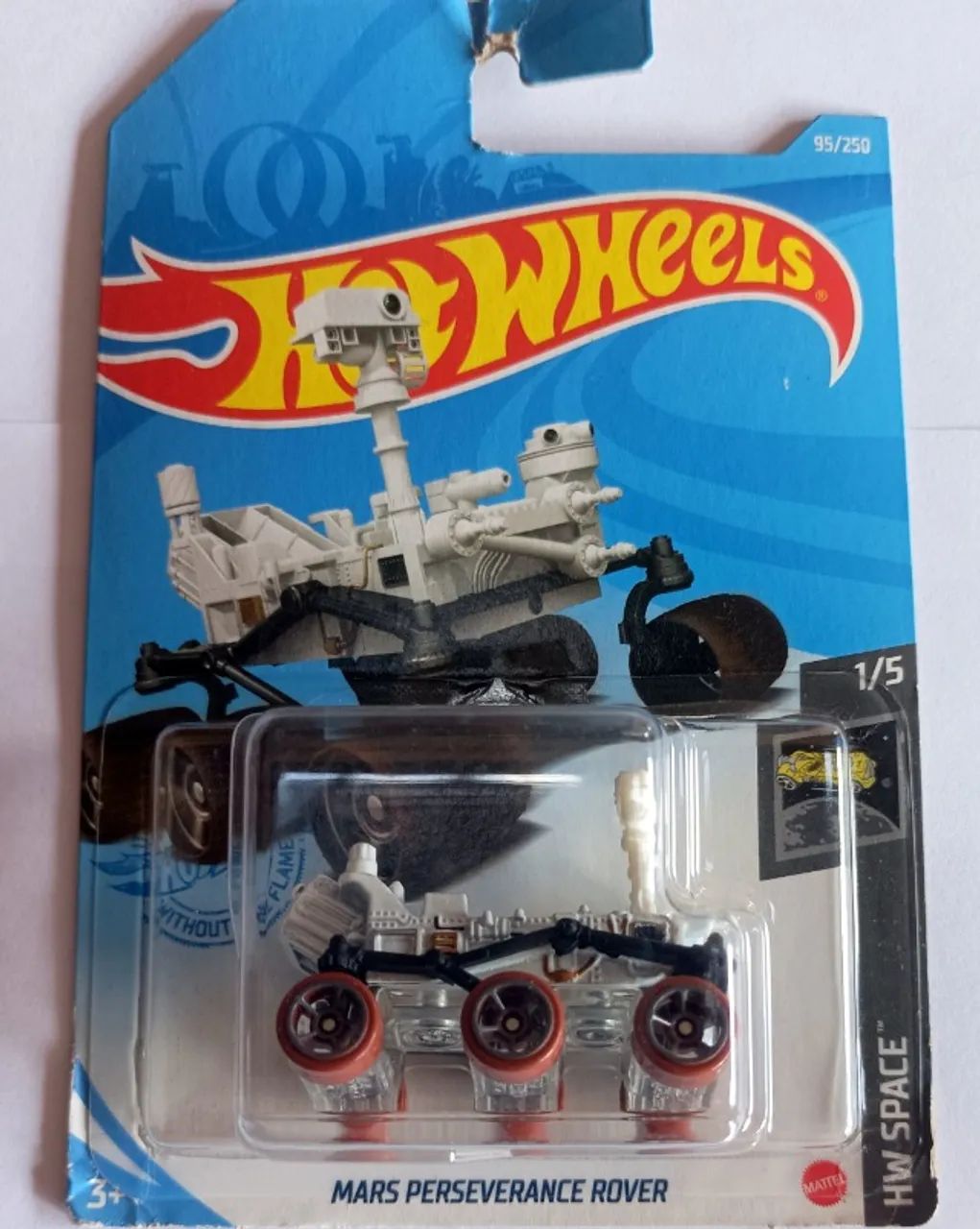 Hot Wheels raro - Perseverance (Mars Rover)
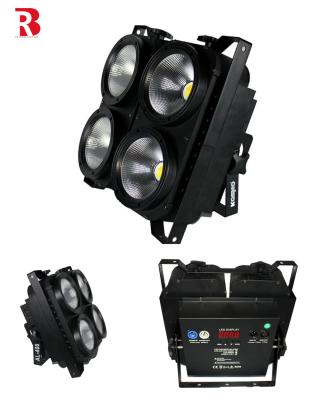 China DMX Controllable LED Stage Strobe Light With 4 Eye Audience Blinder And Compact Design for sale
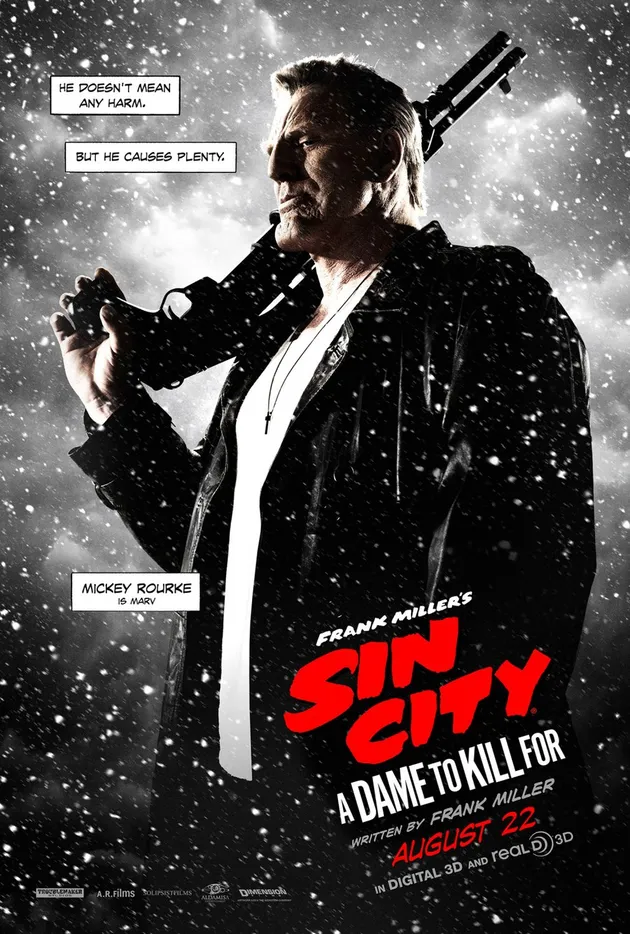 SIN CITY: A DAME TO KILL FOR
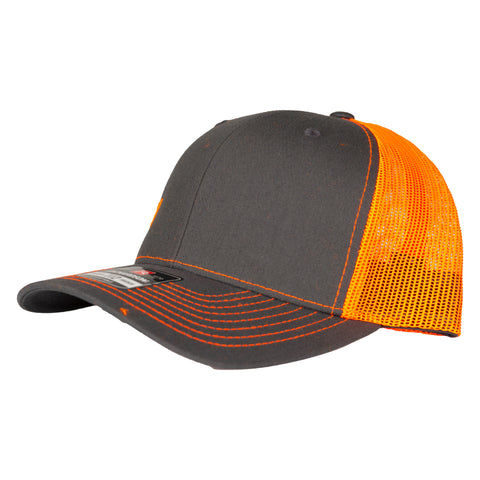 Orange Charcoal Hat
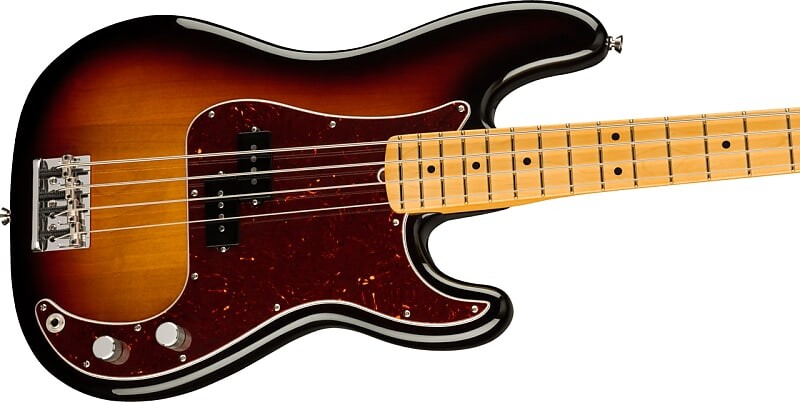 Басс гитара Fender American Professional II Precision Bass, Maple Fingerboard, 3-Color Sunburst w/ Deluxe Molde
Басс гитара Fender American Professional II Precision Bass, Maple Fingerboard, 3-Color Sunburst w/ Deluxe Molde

#### ACTIVITY
Any images must be left out; transcribe the rest of the material exactly.

#### SOLUTION FOR THIS TASK
 Hot Wheels raro - Perseverance (Mars Rover)
 China DMX Controllable LED Stage Strobe Light With 4 Eye Audience Blinder And Compact Design for sale
 SIN CITY: A DAME TO KILL FOR
 Orange Charcoal Hat
 Басс гитара Fender American Professional II Precision Bass, Maple Fingerboard, 3-Color Sunburst w/ Deluxe Molde
Басс гитара Fender American Professional II Precision Bass, Maple Fingerboard, 3-Color Sunburst w/ Deluxe Molde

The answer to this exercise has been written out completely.